**STORED DATA**
────────
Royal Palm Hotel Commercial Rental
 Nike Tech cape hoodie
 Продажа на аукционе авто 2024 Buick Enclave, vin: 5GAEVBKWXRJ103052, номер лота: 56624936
────────
Using the material above, extract the line that contains "Nike Tech cape hoodie" and every line after it, exactly as given; stop at the last line.

 Nike Tech cape hoodie
 Продажа на аукционе авто 2024 Buick Enclave, vin: 5GAEVBKWXRJ103052, номер лота: 56624936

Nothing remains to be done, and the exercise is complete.